Eventually his behaviour succeeded and Wilson began to record what was to become his solo masterpiece 'Pacific Ocean Blue.' The recording and material involved in the record showed what many had guessed at all along, that Dennis was at least as talented as his brother Brian. Maybe more so. It's an album that soulfully represents the passing of time by a man who had seen more than most. Its backdrop was Wilson's devoted ocean and he sings beautifully on it, almost as though he can see through the break of the waves into a simpler truth. For a surf boy with a big, simple heart, he'd somehow executed a work of genius. If he'd have retired right there in fact it would have been an absolutely perfect epitaph.
Only he didn't. And this was probably down to the rest of the Beach Boys being chiefs of manipulation more than anything else. For a band whose best product had been composed by two people - the rest of the members still stubbornly refused to step out of the spotlight. The fact that they were brothers didn't help and incredibly Dennis soon found himself back on touring duties, singing songs he was bored of, drinking too much and genuinely frustrated that he wasn't being given time to write a second solo album.
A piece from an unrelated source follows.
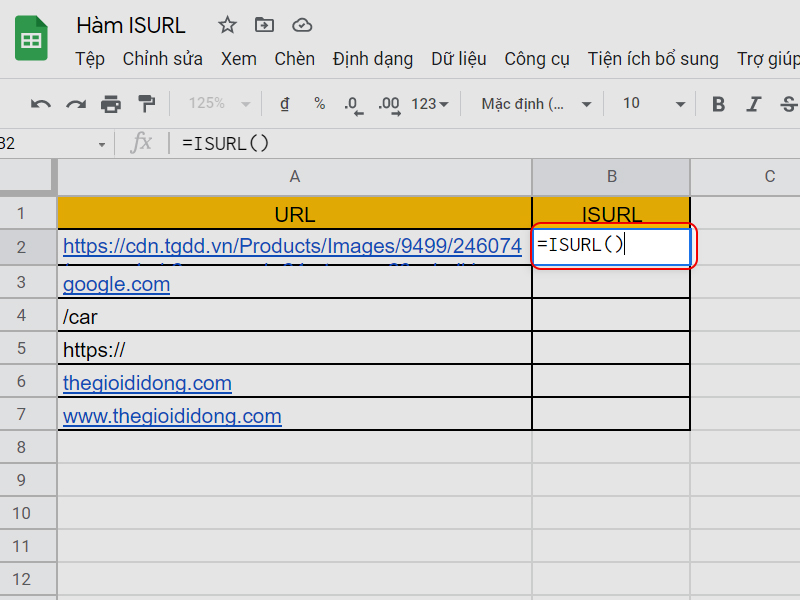 Nhập c&ocirc;ng thức ISURL v&agrave;o &ocirc;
In fact, there would never be a completed second solo album. 'Bambu', its intended follow up was scrapped, due to a lack of financing and other politics (it would eventually get a full release in 2008), and Dennis Wilson found himself right back where he'd started at again. No doubt bored out of his mind, he began to embrace the self destructive behaviour he'd always been good at harnessing. He developed a heavy cocaine habit and his drinking became out of control. He was being carried on a dark swell rapidly and with nothing creative to excite him (especially the Beach Boys machine) he allowed himself no respite in his dangerous lifestyle.
Temperance, though, was never Dennis Wilson’s thing.